We already have some grammar in Wiktionary's entries, and I don't think it's much of a problem if we include things like this. They are very useful to someone who wants to say 'I have a nosebleed' in Catalan and looks at the translation table, and then notices immediately that what he wants to say is said differently. It's very user friendly that way. —CodeCa t 15:52, 1 September 2011 (UTC)[reply]

On a tangential note, google:"I have a nosebleed" seems much less common than google:"my nose bleeds" and google:"my nose is bleeding". "my nose bleeds" seems like a fairly good candidate for a phrasebook entry, one that can be linked to from "nosebleed". --Dan Polansky 16:05, 1 September 2011 (UTC)[reply]

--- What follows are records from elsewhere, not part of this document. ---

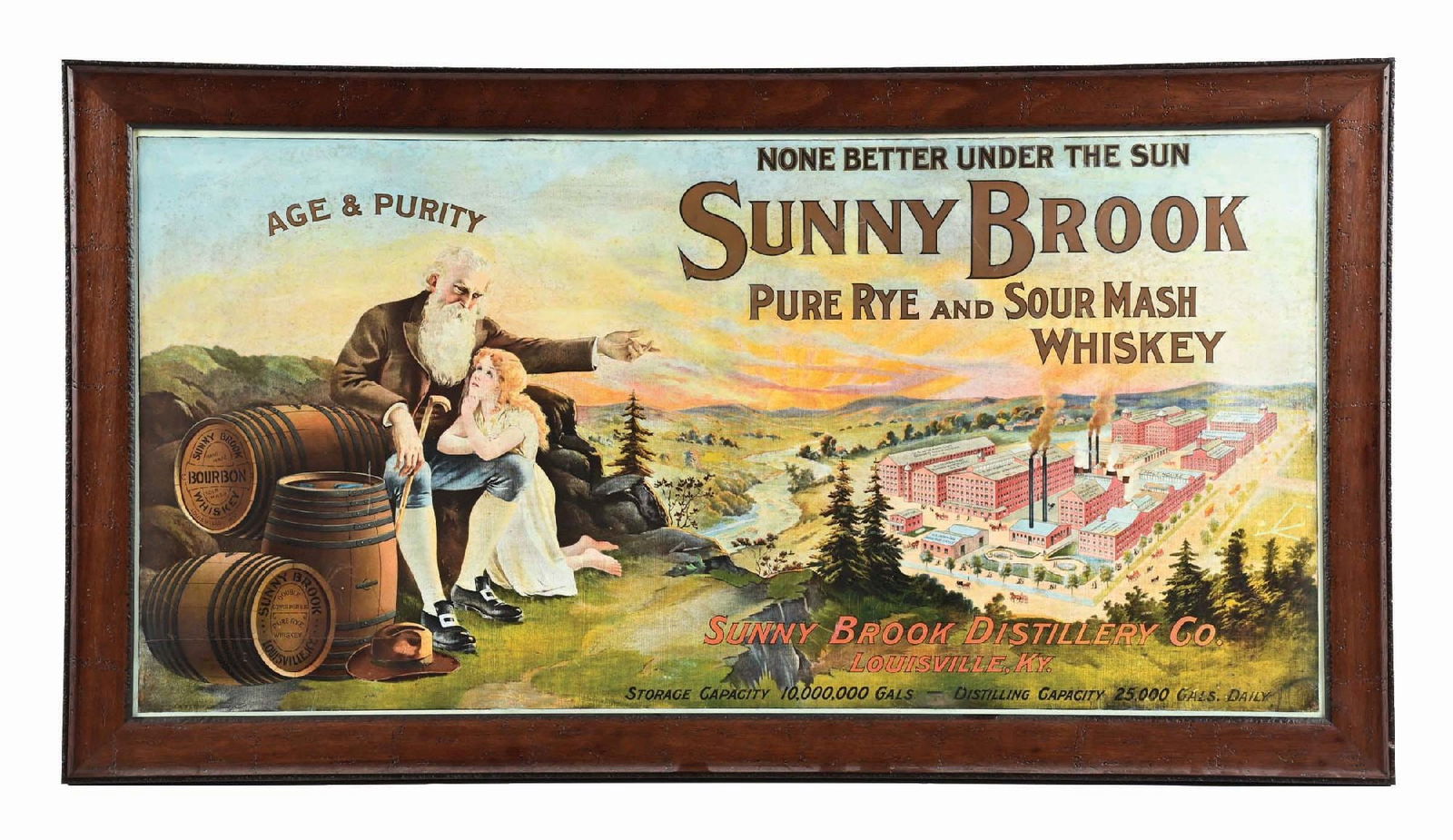 SUNNY BROOK PURE RYE WHISKEY TIN LITHOGRAPH SIGN (1 of 3)
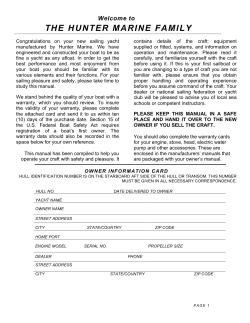 Hunter 216 Owner`s Manual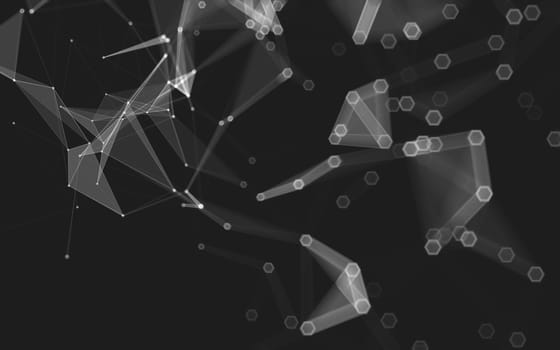 Abstract polygonal space low poly dark background with connecting dots and lines. Connection structure. 3d rendering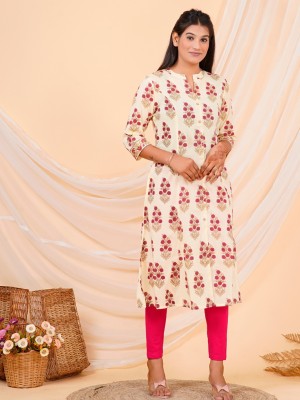 Cream Floral Print Straight Kurti Casual Tunic Top for Women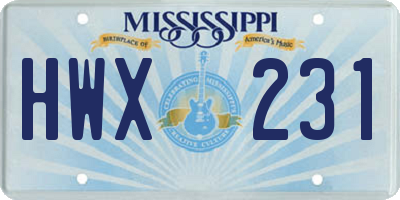 MS license plate HWX231
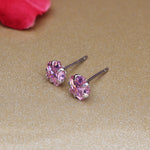 将图像加载到图库查看器中, Silver Pink Sapphire Stud Earrings | Flower Design | For Women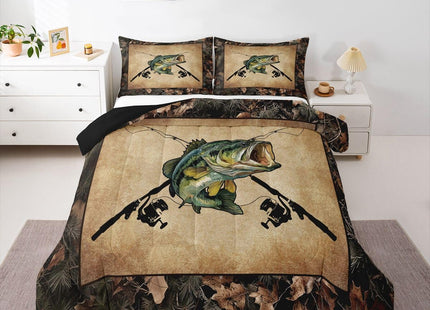 Erosebridal Camo Fishing Full Comforter Set Bass Fish Fishing Rod Bedding Set Rustic Pike Fish Comforter for Boys Adults Men,Fisherman Quilt Duvet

'My nose bleeds' seems very awkward to me. It sounds like you are saying it bleeds habitually rather than that it is bleeding right now. —CodeCa t 16:06, 1 September 2011 (UTC)[reply]

Where I live in Northern England, people would say "my nose is bleeding" or possibly "I have a nosebleed" but never "my nose bleeds". I imagine most of the ghits for "my nose bleeds" would be part of phrases such as "my nose bleeds when..." or such like. BigDom 16:10, 1 September 2011 (UTC)[reply]

google:"My head hurts" and google:"my stomach hurts" also seem very common inspite of not using the present continuous tense. Also check the two phrases in Google books to see how very common they are also there. --Dan Polansky 16:12, 1 September 2011 (UTC)[reply]

This American agrees with Codecat and BigDom: my nose bleeds sounds like it does so habitually, not now. My X hurts OTOH means now. Go figure.—msh210℠ (talk) 16:28, 1 September 2011 (UTC)[reply]

I agree. But to me it seems similar to the Americanism "Do you have" instead of "Have you got" (I was once asked "Do you have children?" I replied "Not very often." and she was very confused!) SemperBlotto 06:59, 2 September 2011 (UTC)[reply]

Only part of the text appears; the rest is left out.